For years, Google Calendar has been more than just a tool for scheduling; it was a subtle nod to the diversity of our global community. Marking the start of Black History Month in February and Pride Month in June, these dates were once automatic reminders of cultural identity and resistance. Now, thanks to a new decision by the tech giant, these essential moments are nowhere to be found. According to reports from The Verge, Google has scrapped these manually added cultural events, citing sustainability issues.
A spokesperson for Google, Madison Cushman Veld, explained that the Calendar team had been manually adding a broader set of cultural moments to cater to feedback from users around the world. However, maintaining hundreds of such events consistently across different regions wasn’t scalable. So in mid-2024, Google decided to revert to displaying only public holidays and national observances sourced from timeanddate.com. This means that if you want to celebrate Pride, Black History, or Indigenous Peoples’ Month, you’re on your own—you’ll have to add them manually.

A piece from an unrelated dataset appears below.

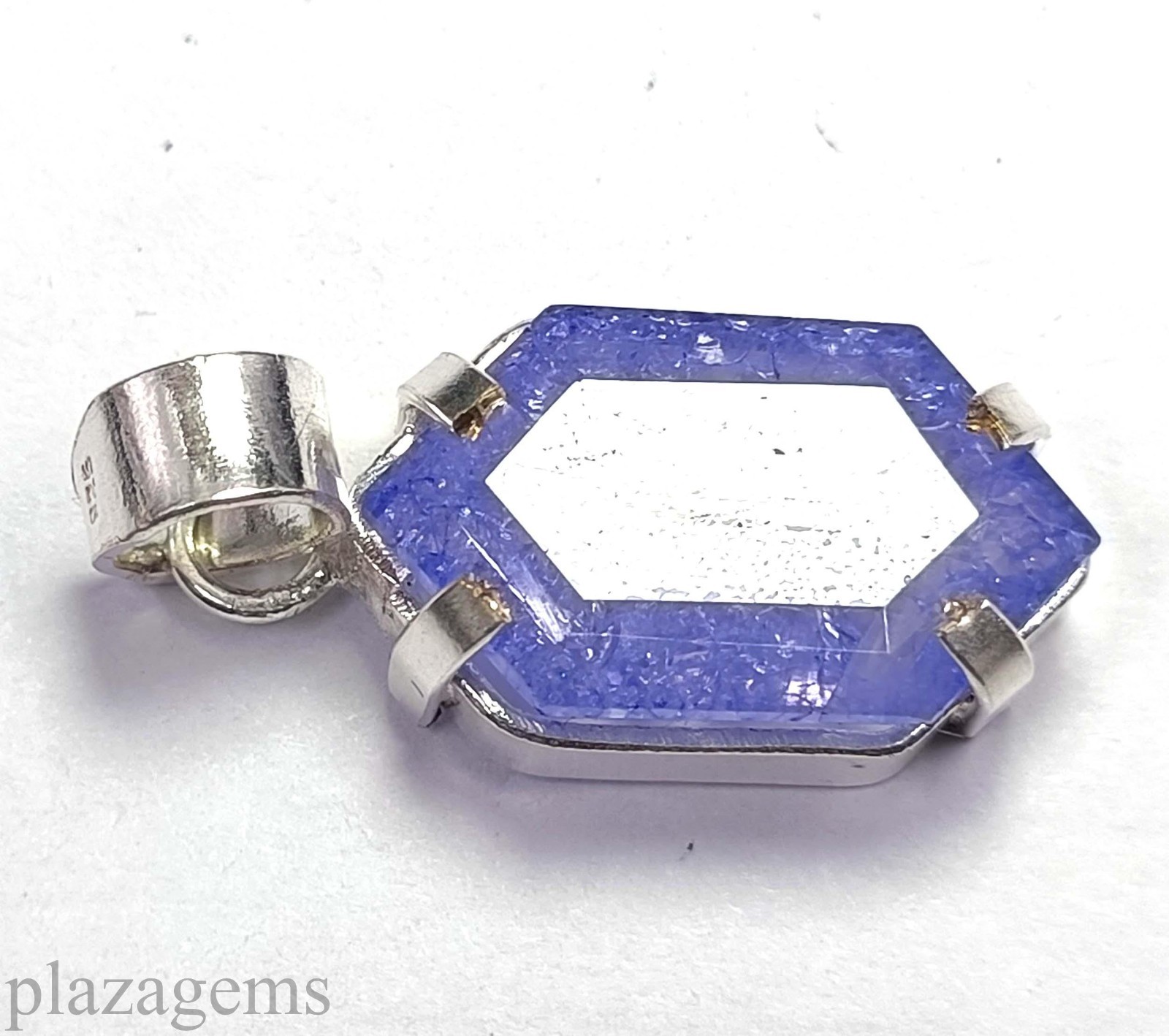 EGL Certified 32.00 Ct Blue Tanzanite Fancy Cut Pendant 925 Silver Chain “5NSP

This move isn’t happening in a vacuum. It comes on the heels of a growing list of actions by Google that seem to roll back its previous commitment to diversity, equity, and inclusion (DEI). Remember the recent changes? Users in the US are now seeing the Gulf of Mexico renamed as the “Gulf of America” and Alaska’s Denali reverting to “Mount McKinley,” decisions reportedly influenced by executive orders from Donald Trump. These aren’t isolated tweaks—they’re part of a broader trend where major tech firms are rethinking, and in some cases retracting, their diversity initiatives.

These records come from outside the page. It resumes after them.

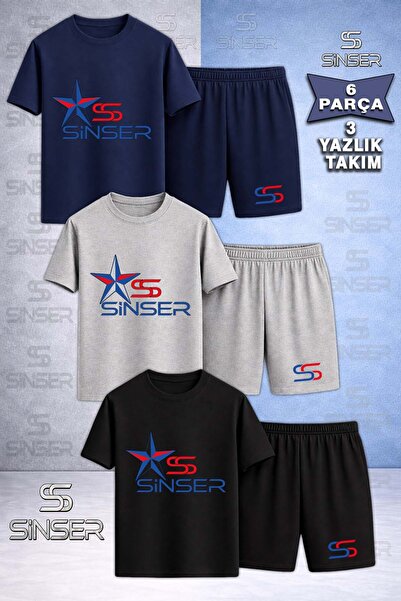 SS SİNSER Children's Star Printed Crew Neck 3-Piece T-Shirt - Shorts Set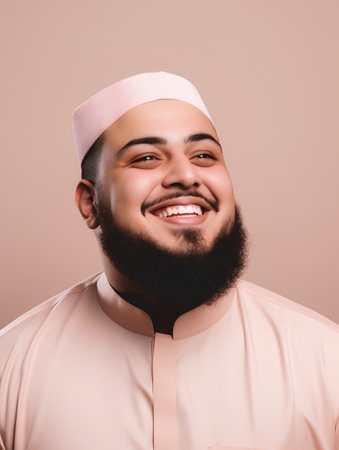 Portrait of a happy muslim man in hijab smiling at cameraの素材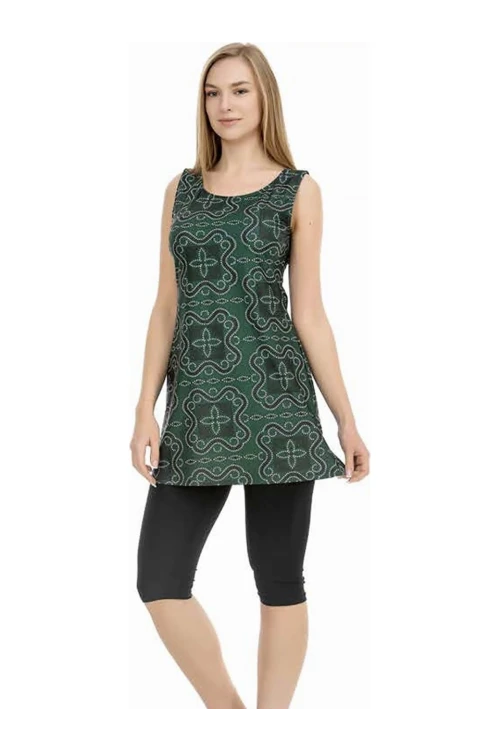 Kadın Yeşil Siyah Kolsuz Yarı Kapalı Taytlı Mayo HZL25S-AR153-508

For many, these cultural markers are more than just dates on a calendar. They are affirmations of identity, a recognition of struggles, and a celebration of progress. The removal of these events feels like yet another erasure of history—a dismissal of the very communities that have fought so hard for recognition. Social media is buzzing with disappointment and frustration. If our digital calendars, which shape our daily lives, can be sanitized so effortlessly, what does that say about the state of our world? Is this world going mad?
Google insists that these calendar changes won’t affect future Google Doodles, which continue to celebrate cultural moments with creative digital art. And yes, YouTube Music is still curating a Black History Month playlist. But for many, these gestures aren’t enough. The automatic presence of these events in a tool as ubiquitous as Google Calendar isn’t just convenient—it’s a daily reminder that diverse histories and identities matter.
We’re at a crossroads where tech companies are choosing between scalability and genuine representation. The question remains: Can efficiency trump inclusion? When a platform as influential as Google deems cultural diversity “unsustainable,” it sends a chilling message. It forces us to ask ourselves—if our calendars are being stripped of these essential events, what else might we lose?
At ket.brussels, we refuse to sit silently by as our digital spaces become stripped of the cultural markers that define us.